Everway is a free-form tabletop fantasy RPG in which players take the roles of heroic figures that travel among countless parallel worlds. Action resolution uses cards drawn from a Tarotlike deck rather than dice. Character stats determine the likely outcome of an action, and the card draw provides a conceptual result that the gamemaster interprets creatively to determine the actual result.
Accommodating Free-form Character Creation in Everway
When creating a character for Everway, the first thing a player does is select from a deck of several trading-card size "vision cards." These cards depict warriors, monsters, temples, magicians, exotic animals, and other fantastic characters, creatures and settings. Each player chooses five cards and invents a character based on them. In general, the cards represent the character and scenes from the character's life, but they can also represent visions, goals, enemies, etc. The challenge in designing Everway was helping the gamemaster be ready to accommodate any possible character that players could dream up.
Question and Answer
During character creation, players show each other their vision cards and explain who their characters are. Then they take turns asking questions about the other players' characters. This step helps players develop their characters more thoroughly and engages the whole group in each player's story.

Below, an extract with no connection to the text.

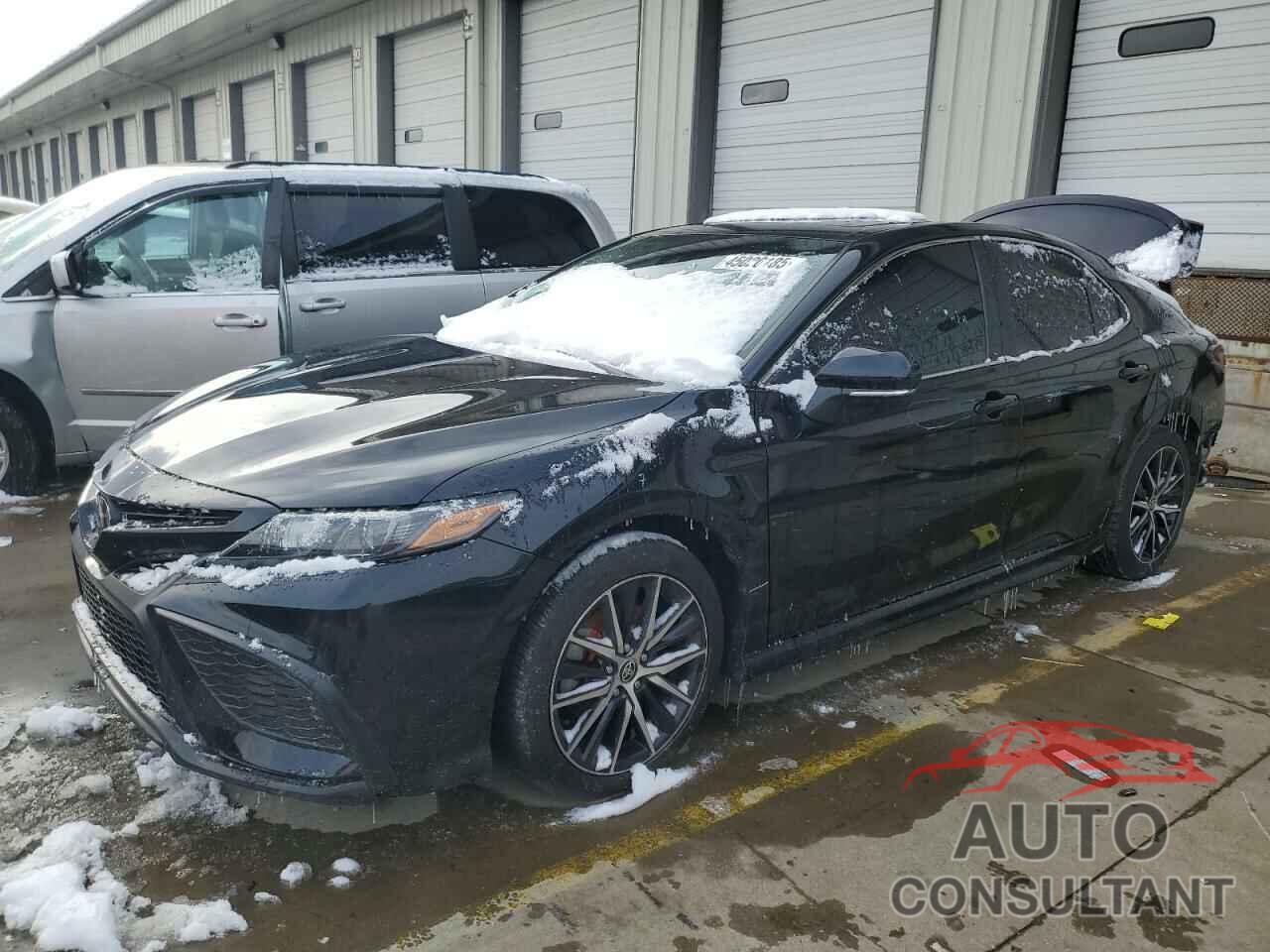 TOYOTA CAMRY 2021 - 4T1G11AK4MU573107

For the gamemaster, however, it's an opportunity to be sure that the free-form nature of character creation hasn't left the character missing important details. Question and answer is important for:
- Engagement: Listening to a player talk about their character is widely recognized as dull. It's like listening to someone recount a dream: it means a lot more to the talker than to the listener. The Q&A process, however, turns the monologue into a dialogue. It makes character exposition much more engaging.
- Combat Abilities: Standard RPG characters have their combat abilities finely detailed, but free-form characters can have poorly defined combat capabilities. If the character has no apparent combat abilities, the GM might ask, "How would your character handle herself in a fight?" If the character has multiple combat abilities, the GM might ask which is the character's best combat tactic.
- Motivation: Standard RPG characters come with built-in motives, such as "find treasure" or "defeat supervillains." Free-form characters, however, are sometimes conceived as unlikely to get involved in the plots that are going to drive the campaign. In such a case, the gamemaster can ask, "What sort of circumstances would motivate your character to get involved in trouble or danger?"
Personality Traits
Everway has four "personality" traits to ensure that the free-form character has direction:
- Motive: A common flaw in free-form character concepts is that the character has no motivation. The player, in order to play "in character," avoids conflicts, and a character that avoids conflicts is boring. In Everway, each player chooses a motivation so that each character has some reason to get involved in the conflicts that are going to make the campaign interesting.
- Virtue, Fault, and Fate: Each player chooses three cards from the Fortune deck to represent a personal strength, a personal weakness, and some personal conflict to be resolved. This step helps the player take the broad character concept and sum it up. This step is also a hook for the gamemaster, who uses it to see what is central to each character's personal story.
Character Powers
Everway has no list of special powers from which players choose. The system has to be able to take any power that a player has dreamed up and assign a "value" or "power level" to it, so that it can be balanced in the overall character equation. Powers I've seen in play include prophetic visions, the ability to drain life energy from others, and the posession of the mummified hand of the character's dead lover (a fetish that channels fiery attacks). Each power is rated on whether it's versatile, whether it's potent, and whether it frequently makes a difference in play. For each answer Yes, the power costs 1 point, with a maximum of 3. It's a grainy measure of power level, but it's precise enough for free-form play. The gamemaster takes character powers into account when adjudicating actions, but there is no separate mechanic for using powers.
Games Cited
Everway. Jonathan Tweet; Wizards of the Coast. 1995.